Energy Procedía 0 (2009) 63-70


Case studies of the application of the Certification Framework to two geologic carbon sequestration sites

Curtis M. Oldenburg1, Jean-Philippe Nicot2, and Steven L. Bryant3

1 Lawrence Berkeley National Laboratory, Earth Sciences Division, 90-1116, Berkeley, CA 94720 1 Bureau of Economic Geology, Jackson School of Geosciences, University of Texas, University Station, Box X, Austin, Texas 78713-8924 ^Center for Petroleum & Geosciences Engineering, Univ of Texas, Austin, 1 University Station C0300, Austin, TX 78712-0228

We have developed a certification framework (CF) for certifying that the risks of geologic carbon sequestration (GCS) sites are below agreed-upon thresholds. The CF is based on effective trapping of CO2, the proposed concept that takes into account both the probability and impact of CO2 leakage. The CF uses probability estimates of the intersection of conductive faults and wells with the CO2 plume along with modeled fluxes or concentrations of CO2 as proxies for impacts to compartments (such as potable groundwater) to calculate CO2 leakage risk. In order to test and refine the approach, we applied the CF to (1) a hypothetical large-scale GCS project in the Texas Gulf Coast, and (2) WESTCARB's Phase III GCS pilot in the southern San Joaquin Valley, California.

© 2009 Lawrence Berkeley National Laboratory (LBNL). Published by Elsevier Ltd. All rights reserved. Keywords: Geologic carbon sequestration; Risk assessment; Leakage risk; Well leakage; Case studies

1. Introduction

We describe a novel and practical risk-based framework for certifying that the leakage risk of a potential geologic carbon sequestration (GCS) site is below agreed-upon thresholds [1]. Our approach addresses a wider set of risks than current federal deep underground injection regulations which protect underground sources of drinking water (USDW). The approach we developed, known as the Certification Framework (CF), proposes a standardized way for project proponents, regulators, and the public to analyze and understand risks and uncertainties of GCS in a simple and transparent way. Here we outline the CF methods and present the results from two case studies.

2. CF Methods Objectives of the CF

The CF focuses on evaluation of the safety and effectiveness of a single GCS site as opposed to screening and ranking which examines multiple sites (e.g., [2,3]). We consider the surface operations associated with GCS (capture, compression, transportation) to be sufficiently well known that existing risk frameworks can be applied to



those operations. By this assumption, we focus the CF solely on geologic storage and specifically exclude consideration of surface operations.

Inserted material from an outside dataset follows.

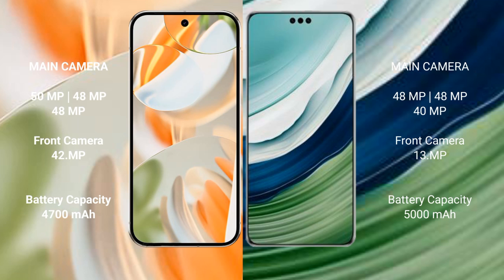The Google Pixel 9 Pro features a rear triple camera setup of 50MP plus 48MP plus 48MP, and a front camera of 42MP. The Huawei Mate 60 Pro Plus features a rear triple camera setup of 50MP plus 48MP plus 14MP, and a front camera of 13MP.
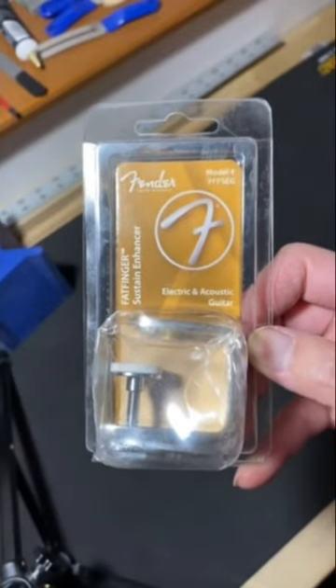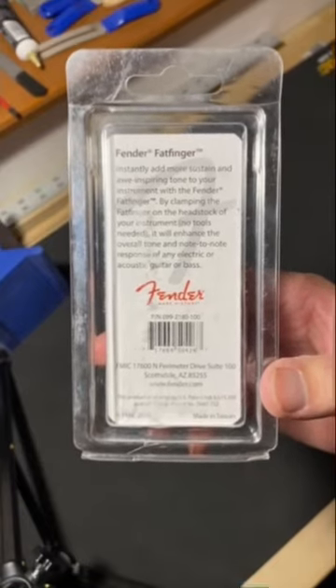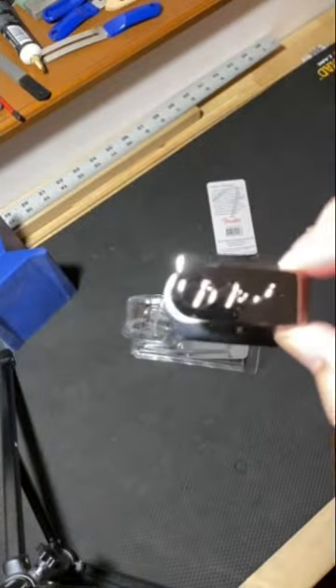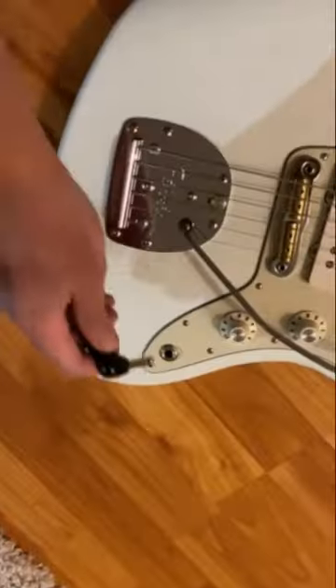Today we're gonna check out the Fender Fatfinger and answer that age-old question: will this product actually add sustain just by clipping it to my headstock? We're gonna go through a thorough demo, a scientific study, peer reviewed paper. Come with me on this journey to China.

The purpose of the CF is to evaluate the degree to which a GCS site is expected to be safe and effective. In this context, the word "safe" means that impacts to humans and other living things, the environment, and other resources are acceptably low over both short and long time periods. The word "effective" means that the site will contain indefinitely the vast majority of injected CO2 [4]. In the CF we simplify the system into a tractable and logical form amenable to modeling and analysis. We assume that GCS projects in sedimentary basins share common concerns such as the presence of wells and faults as potential leakage pathways. We use the concept of "effective trapping" in the CF to acknowledge that GCS at a scale large enough to mitigate anthropogenic emissions involves the injection of enormous volumes of CO2 into the Earth's crust, which is not a leak-proof container. The purpose of building the CF upon the effective trapping concept is to distinguish harmful from beneficial (or at least benign) migration. The risk assessment can thereby focus on the likelihood of the former. The CF is intended to be simple, but not too simple, and transparent in terms of what methods are being applied. Through its simplicity and transparency, we aim to encourage the CF be accepted by a wide variety of users, and we aim to make the CF useful around the world under various regulatory systems.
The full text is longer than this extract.